Reliability

Introduction

Reliability is when we measure consistently. A test is not considered to be reliable if the test scores vary noticeably according to an occasion or situation, then it cannot be used to make predictions about their behaviour.

Reliability is not the same as stability. In determining reliability, it is assumed that the test is measuring a relatively stable characteristic. Unreliability results from measurement errors produced by temporal internal states example; Low Motivation, indisposition or external conditions such as a distracting or uncomfortable testing environment.

Classical Reliability Theory

A person’s true score (that score which we will never be able to grasp a hold of) on a particular test is defined as the average of the scores the person would obtain if they took the test an infinite number of times (hence this is why the true score is a theoretical phenomenon). A true score can never be measured exactly; it must be estimated from the examinee’s observed score on the test.

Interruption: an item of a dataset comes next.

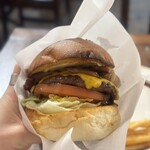 オールドニューダイナー - ベーコンチーズバーガー ¥1870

🔢 Variance of the observed score = variance true score + variance of score error.

Reliability is the variance of the true score/variance of the observed score

r= 1.00 = means perfect reliability

r= 0.00 = complete unreliability.

Test-Retest Coefficient or Coefficient of Stability

Test retest coefficient also called the coefficient of stability is computed to determine whether a test measures consistently from one time to another. Correlating the scores obtained by a group of people on one administration with their scores on a second administration of the test. Differences in the conditions of the test items are likely to be greater after a long interval than after a short one.

Therefore, test-retest reliability tends to be higher (less error) when the interval between the initial test and retest is short (days or a few weeks).

Parallel Forms Coefficient/Coefficient of Equivalence

Parallel Form Coefficient is another reliability test. In test-retest reliability, when the interval between the initial test and the retest is short, examinees usually remember many of the questions and the responses on the initial test. Some people remember more of the test material than others, causing the correlation between test and retest to be less than perfect.

In parallel forms, on the first administration, Form A is administered first half of the group and Form B to the other half. In the second administration, vice versa. The problem is that it is very difficult to develop two truly parallel test versions. This is because it is very expensive and it is very difficult to construct hence the internal consistency coefficient came about. 

Internal Consistency Coefficients

There are three different methods, split-half method, kuder-richardson method and the coefficient Alpha. 

Split Half Method

A single test is seen as composed of two parts (parallel forms) measuring the same thing. Therefore, a test can be administered and separate scores assigned on two arbitrarily selected halves of the test. Example: One form with odd and the other form with even numbers.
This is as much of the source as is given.